Other than for the love of making music, the reason they joined the Gallery Hop scene was, it must be plainly stated, lucre. In those years prior to the inception of collective bargaining for civil servants, things were lean for the couple. Most spare cash went to pay off their house mortgage early, leaving little mad money. After a couple of hours of spirited busking, the couple was able to go out and have a nice dinner. Sometimes folks who had donated to the beckoning guitar case back at Lincoln and High would see them later that evening in a fine dining establishment and give them the quizzical, if not hairy, eyeball. But they persevered, and so did the Hop.

If you are reading this, you probably know what has become of the Gallery Hop- nationally famous, bigger and better than ever, filled with wonder and delight for all who desire to participate, if they can just find a parking space! But what of the quaint duet once known as Nick & Polina? They continued playing on that corner for many hops, weather permitting, until the newly opened Mac’s Café across and slightly down High Street from their spot at Lincoln got the bright idea of hiring a (shudder!) bagpiper to attract customers. Apparently that establishment’s pub décor, weird Scotch eggs, brewski, and tasty fish sandwiches weren’t doing the trick. Mind you, bagpipes are fine instruments in their place, which is generally either hanging jauntily above a rustic fireplace in a Highlands cottage or, if in the New World, at least a half-mile away on a parade ground or athletic field.
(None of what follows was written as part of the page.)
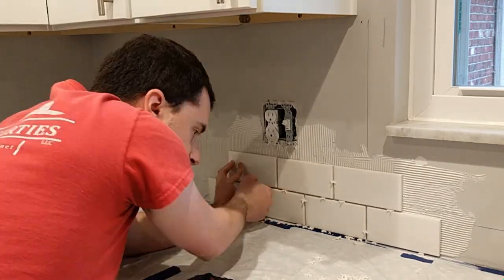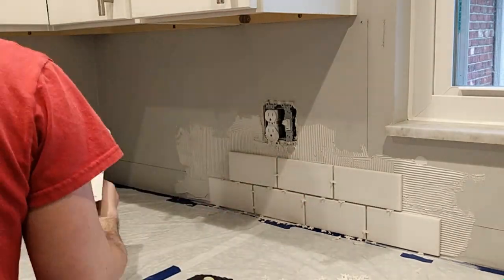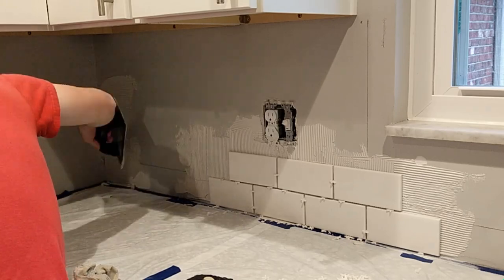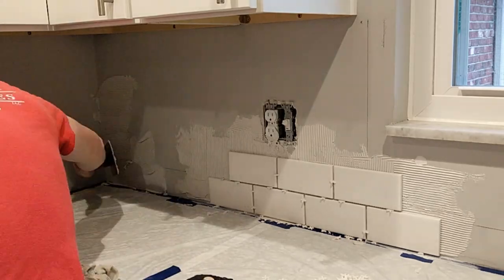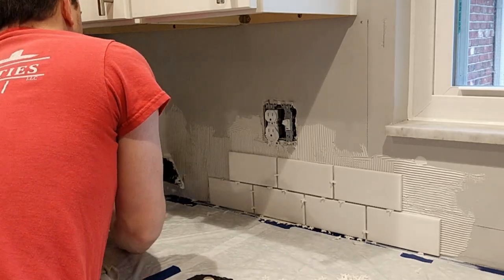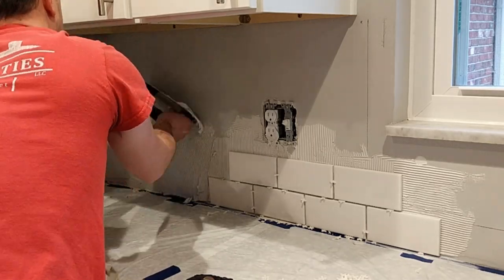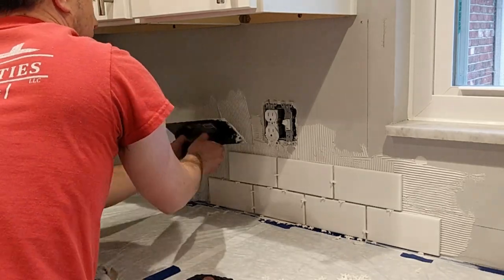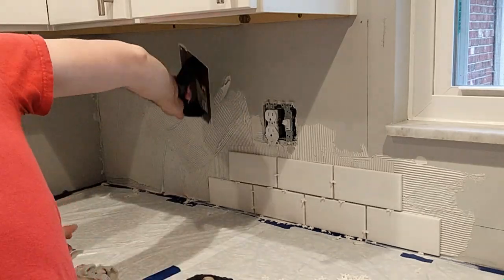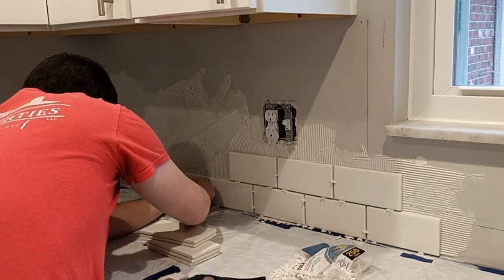Make sure to subscribe to my channel so that you can see when I post new content like this. Here, I am spreading mastic on the wall in the section that I will be installing tiles first. You only want to spread the mastic in the section you will be working on in the short term — you do not want to spread mastic over your entire backsplash area. Only work in small areas. This helps you to avoid having dried mastic on the wall before you actually hang tile, and it will also help you to keep your job site cleaner.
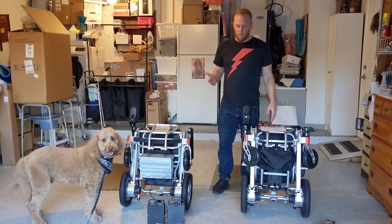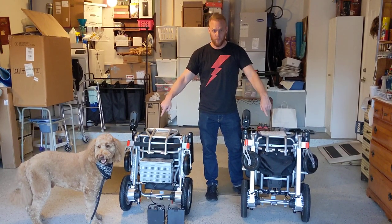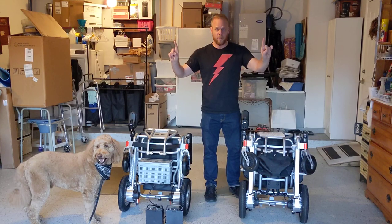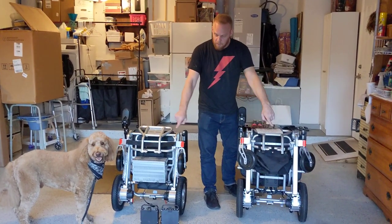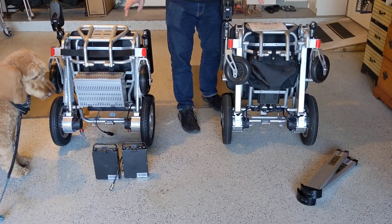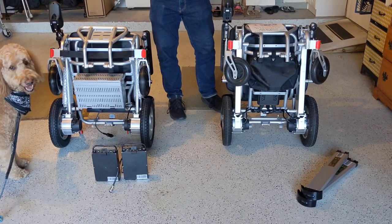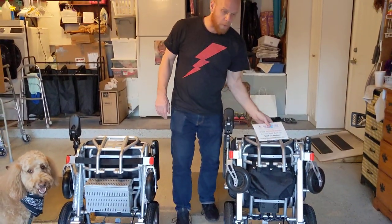Hello, this is Paul from QuickenMobile.com. Right now I have two power folding wheelchairs here that are similar but have one major difference and some other differences as well. You'll see in the front of the chairs we have their batteries. This is a comparison video — we're going to demonstrate how easy it is to unfold each of these chairs, put the batteries in, and then take the batteries out.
But on a relatively narrow city street lined with multistory buildings, when the plaid bag starts pumping it’s all over but the shouting… which is what you have to do if you’re in the vicinity.

And so ended the Gallery Hop run of this perky pair, drowned out by the bellowing, windy whine of the old-country pipes.

Undaunted by this setback, Nick & Polina went on to a fabulously successful career performing at public markets, nursing homes, obscure festivals, cemeteries, dental sealant conferences, and many other fine venues. They even made a few more Gallery Hop appearances, this time receiving actual paychecks and happily lacking bagpipe accompaniment. And, they eventually paid off their house!

The moral of the story is this: When next you attend a Short North Gallery Hop, be kind to the musicians; they might one day be performing in your retirement home!